Left-right Discrepancy for Adversarial Attack on Stereo Networks
Pengfei Wang, Xiaofei Hui, Beijia Lu, Nimrod Lilith, Jun Liu, Sameer Alam
TL;DR
The paper addresses the vulnerability of stereo networks to adversarial perturbations by exploiting left-right feature mismatches. It introduces a novel left-right warping loss $\ell_w$ that, combined with the disparity loss $\ell_d$, guides perturbations that maximize intermediate feature dissimilarity between left and warped right streams, degrading disparity estimates. It proposes both a white-box attack and a proxy-network black-box attack, demonstrating substantial performance degradation on KITTI 2015 and Scene Flow across three mainstream stereo models, with MAE increases up to $219\%$ and notable left-right feature-similarity drops. The findings highlight a pronounced sensitivity of stereo networks to shallow-layer discrepancies, informing future robustness strategies and suggesting that protecting early-stage features is key to improving reliability in stereo vision systems.
Abstract
Stereo matching neural networks often involve a Siamese structure to extract intermediate features from left and right images.

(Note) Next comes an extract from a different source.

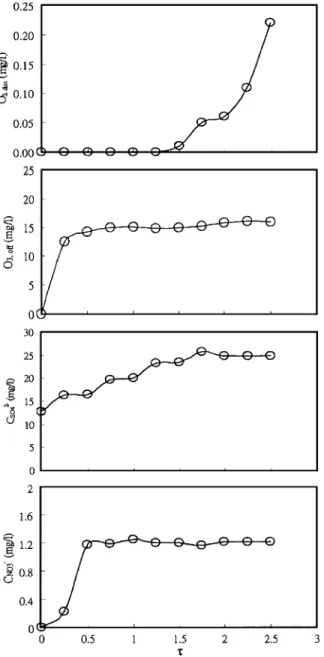 Fig. 5共c兲 illustrates the ␩ UV variation that suggests correlation between ␩ UV and G L under fixed G G conditions
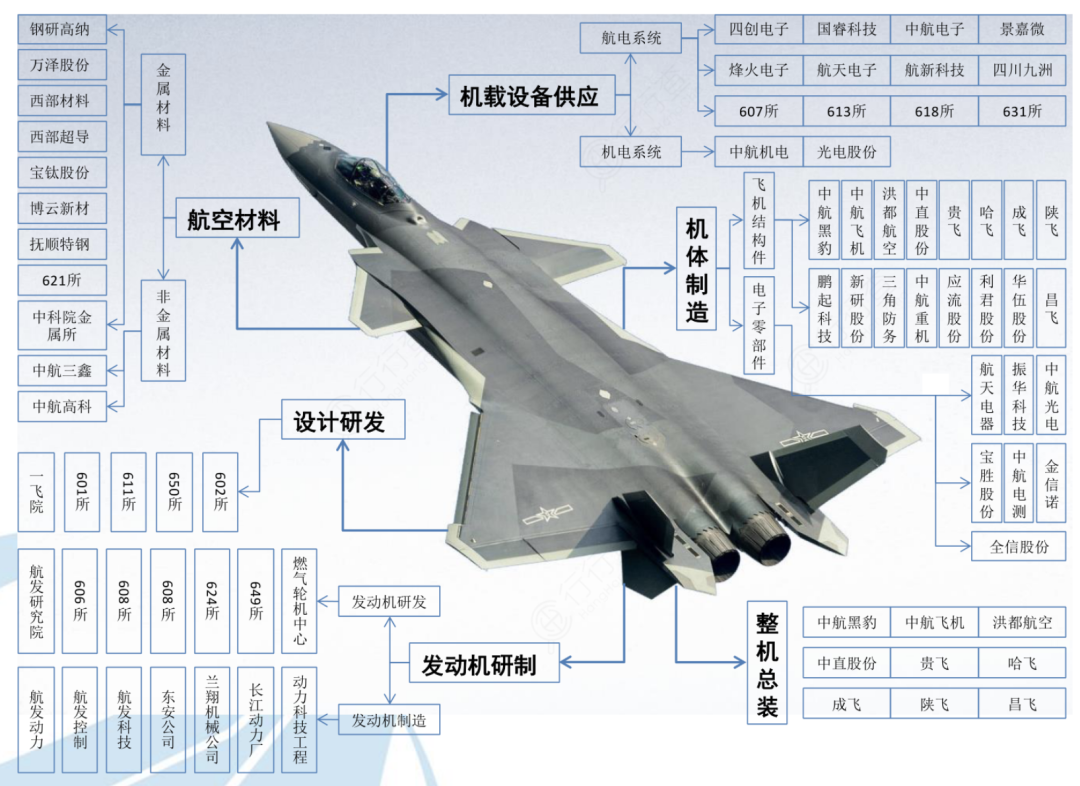 我国军用飞机产业链全景梳理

The similarity between these intermediate left-right features significantly impacts the accuracy of disparity estimation. In this paper, we introduce a novel adversarial attack approach that generates perturbation noise specifically designed to maximize the discrepancy between left and right image features. Extensive experiments demonstrate the superior capability of our method to induce larger prediction errors in stereo neural networks, e.g. outperforming existing state-of-the-art attack methods by 219% MAE on the KITTI dataset and 85% MAE on the Scene Flow dataset. Additionally, we extend our approach to include a proxy network black-box attack method, eliminating the need for access to stereo neural network. This method leverages an arbitrary network from a different vision task as a proxy to generate adversarial noise, effectively causing the stereo network to produce erroneous predictions. Our findings highlight a notable sensitivity of stereo networks to discrepancies in shallow layer features, offering valuable insights that could guide future research in enhancing the robustness of stereo vision systems.